🤖 AI Summary
This study investigates whether machine translation preserves the complexity of source texts and examines the relationship between textual complexity and translation difficulty. Building upon the Common European Framework of Reference for Languages (CEFR), the authors propose the first evaluation framework to analyze the interaction between text complexity and machine translation performance. They assess a range of open-source, closed-source, and commercial translation systems across six languages in terms of their ability to maintain or shift CEFR-based complexity levels. The findings reveal that texts at higher CEFR levels are more challenging to translate accurately, and that translated outputs frequently exhibit significant deviations from the original CEFR complexity ratings across most languages. This work provides novel empirical insights and quantitative methods for estimating translation difficulty and generating multilingual educational content.
📝 Abstract
When a text is translated, does the translation retain the complexity of the original? We introduce ComplexityMT, a new challenge for assessing how text complexity and machine translation interact with and influence each other, using the Common European Framework of Reference for Languages (CEFR) levels as the measure of text complexity.

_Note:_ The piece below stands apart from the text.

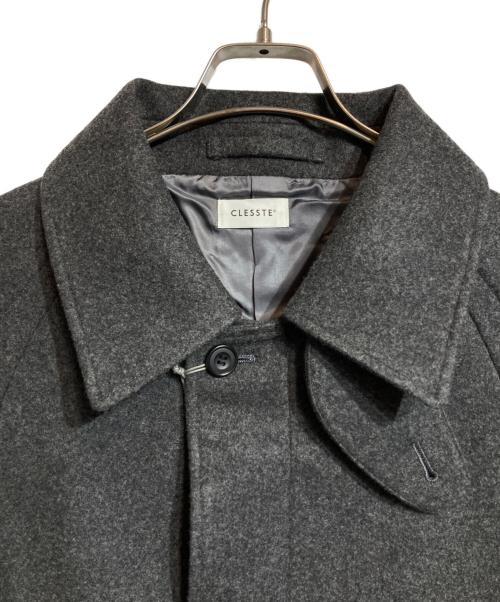 CLESSTE（クレスト）CLESSTE (クレスト) WOOL MELTON BALMACAAN HALF COAT グレー サイズ:2の古着・服飾アイテム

Across six languages, including Arabic, Dutch, English, French, Hindi, and Russian, we evaluate three open-weight models, one closed model, and a commercial machine translation system on two tasks: i) correlation of CEFR with translation difficulty, and ii) shifts in CEFR levels of the source texts. Our experiments show that higher CEFR levels make texts more difficult to translate, and that machine translation shifts the CEFR level of the target text compared to the original source, for most languages. These findings provide new insights for researchers and practitioners working on multilingual pedagogical content generation and machine translation difficulty estimation.